Is love a feeling?
What do you think?
__ Yes, love is a feeling.
__ No, love is not a feeling.
The Correct Answer Is …
“Yes”!
The correct answer is “yes” to both the question “Is love a feeling?” and the question “Is love not a feeling?” Love involves the feelings and affections, so in that sense love is a feeling. However, love is not merely a feeling, but it involves the will and the actions.
Love Involves Self-Sacrificial and Willful Action
Many in the world assume that love is just a sappy sentimental feeling, or that love is a teenage boy having his heart flutter when a pretty girl looks at him. This is a very Biblically insufficient definition of love. How does God love?

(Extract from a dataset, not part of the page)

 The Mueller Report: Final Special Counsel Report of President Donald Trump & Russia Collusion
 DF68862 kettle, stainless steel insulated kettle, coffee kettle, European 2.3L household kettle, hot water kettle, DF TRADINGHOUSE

John 3:16 For God so loved the world, that he gave his only begotten Son, that whosoever believeth in him should not perish, but have everlasting life.
God’s love does not just involve sappy sentimentalism. The Father’s love led Him to give to rebellious sinners what was most valuable to Him–His own Son. His love involved self-sacrificial action. Believers must show this same kind of self-sacrificial, acting, willing, giving love:
John 15:13 Greater love hath no man than this, that a man lay down his life for his friends.
This sort of love is required in other relationships as well:
Eph. 5:25 Husbands, love your wives, even as Christ also loved the church, and gave himself for it;
Clearly, love is not just an emotional high, but it involves self-sacrifice, action, giving oneself to the loved one at tremendous cost.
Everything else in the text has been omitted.